Мои слова о том, что деятельная связь с чем-то любимым заставляет человека увидеть себя таким, каков он есть в действительности, применимы не только к литературному творчеству, но и едва ли не ко всякому делу, за которое мы беремся с любовью. Я бы хотел в заключение сказать еще об одной своей любви.

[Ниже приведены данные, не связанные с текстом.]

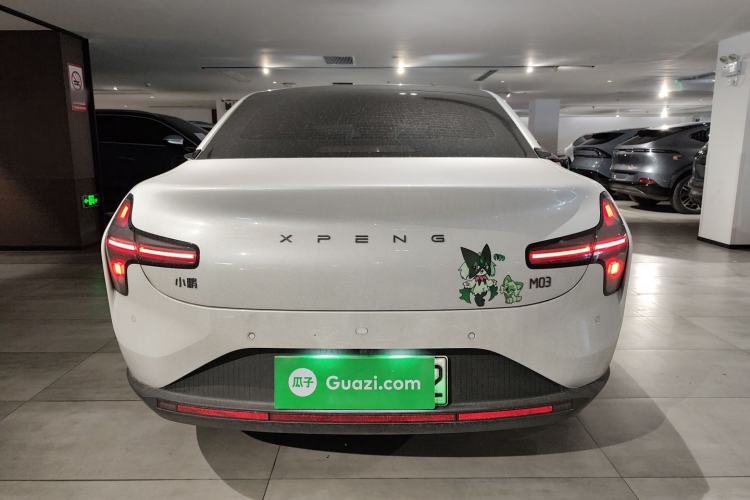 Used XPeng MONA M03 2024 620 with Ultra-Long Range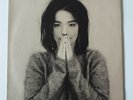 Björk Debut - EX UK vinyl LP album record TPLP31 ONE LITTLE INDIAN 1993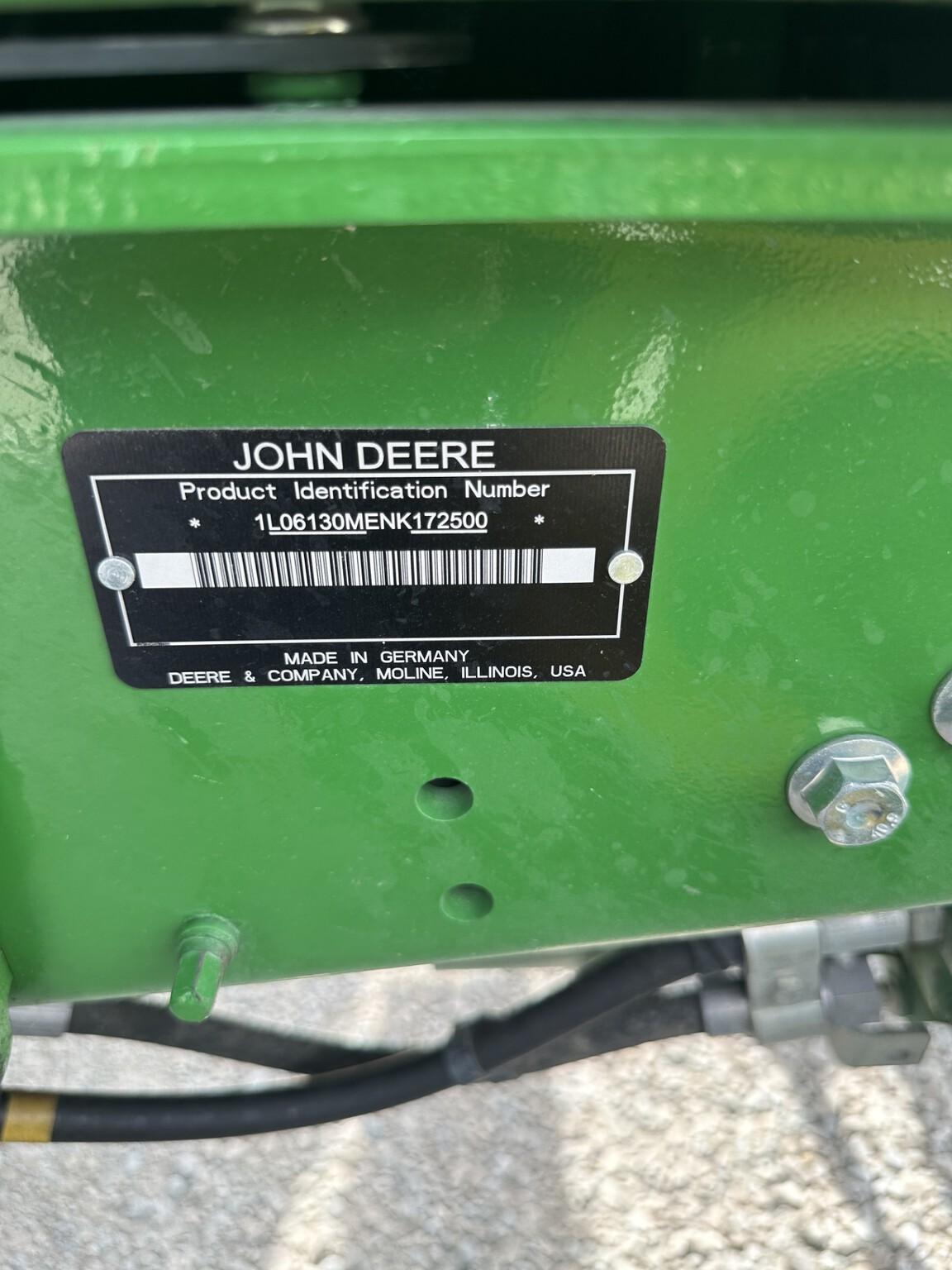 2023 John Deere 6130M Image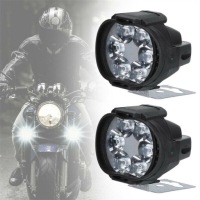 Фара рабочая dalekosiężna противотуманная фара прожектор jeep off-road łódź 6x led 2szt Цена, фото thumb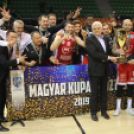 2019.02.16 Hepp Kupa döntő és Zsíros Tibor Férfi kosárlabda Magyar Kupa döntő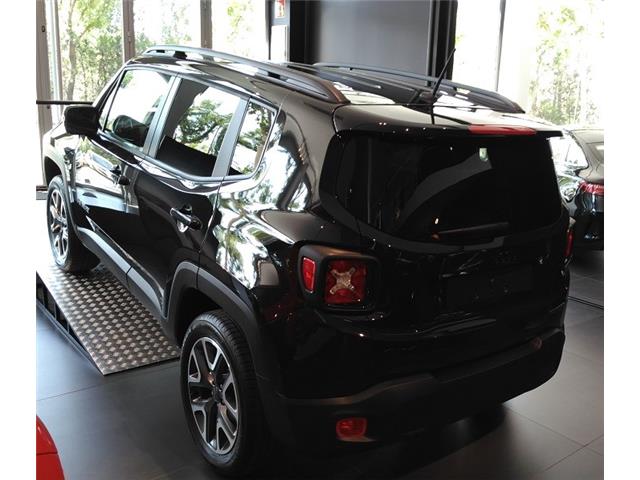 Jeep Renegade 2.0Mjet Night Eagle II 4x4 103kW AD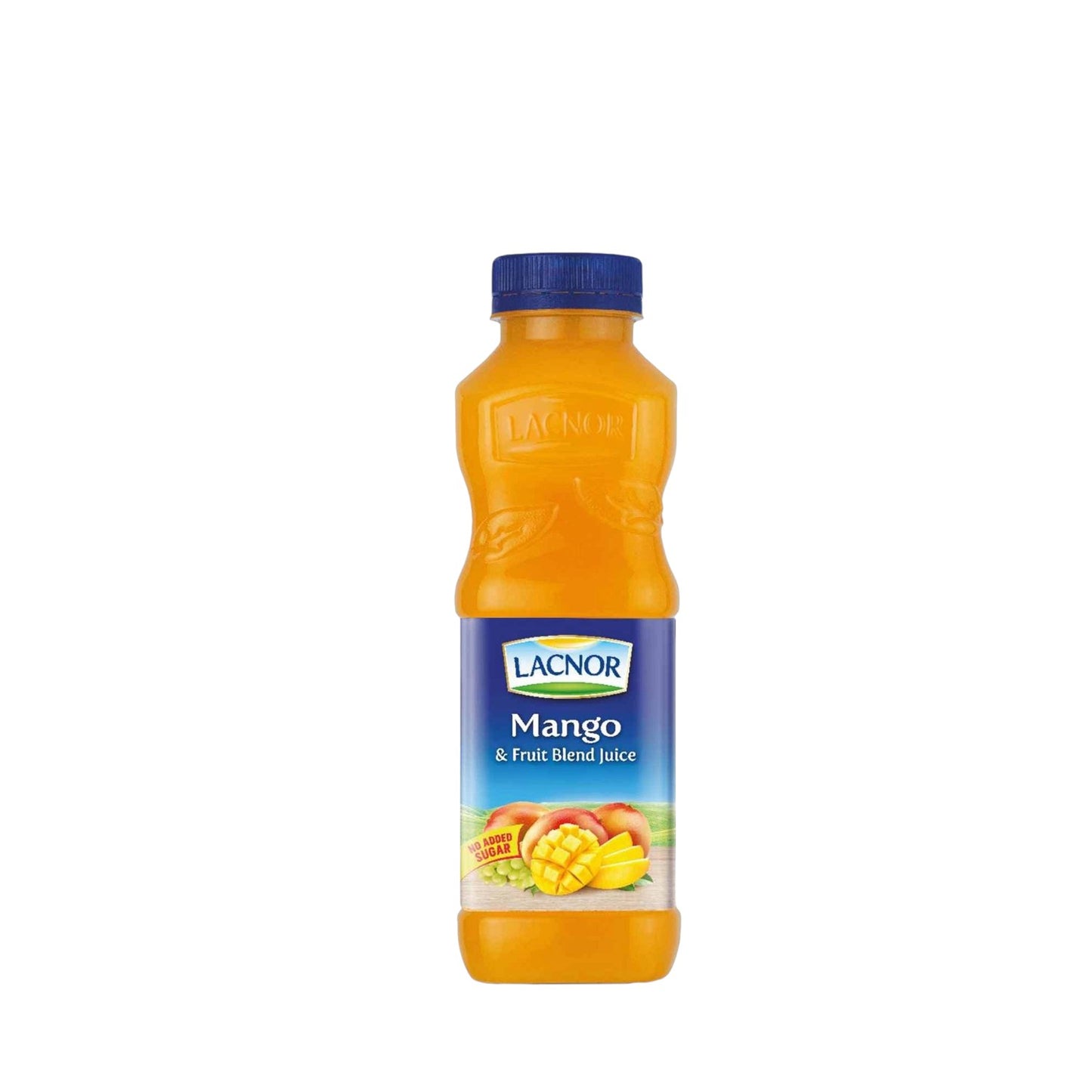 Lacnor No Added Sugar Mango & Fruit Blend Juice, 500ml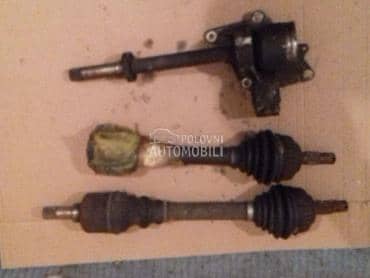 Poluosovine za Citroen Xsara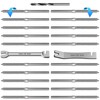 Steel DN Mate T316 Stainless Steel Right&Left Handed Thread Swage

В студенческом возрасте и много лет после окончания колледжа мне очень нравилась дикая природа. Не то чтобы я любил ее, но она определенно мне нравилась. Природа может быть чрезвычайно симпатична. И поскольку я был воспламенен критической теорией и обостренно реагировал на несовершенства мира, ища повод для осуждения тех, кто им правит, я, естественно, тяготел к энвиронментализму: ведь с окружающей средой так много всего делается не так! И чем больше я вглядывался в то, что не так, – тут тебе и взрывной рост мирового населения, и взрывной рост потребления ресурсов, и глобальное потепление, и загрязнение океанов, и вырубка наших последних девственных лесов, – тем бóльшим человеконенавистником я становился. Но в конце концов, почти одновременно с тем, как развалился мой брак, я пришел к мысли, что боль – это ладно, но провести оставшуюся жизнь, все сильней распаляясь злостью и чувствуя себя все более несчастным, – это куда серьезнее; и я принял сознательное решение, что перестану тревожиться из-за окружающей среды. Лично я все равно не мог добиться ничего существенного для спасения планеты, и мне хотелось посвятить себя тому, что я люблю. Я по-прежнему старался, чтобы мой “углеродный след” в атмосфере был поменьше, но, ограничив себя этим, не желал впадать, как прежде, в ярость и отчаяние.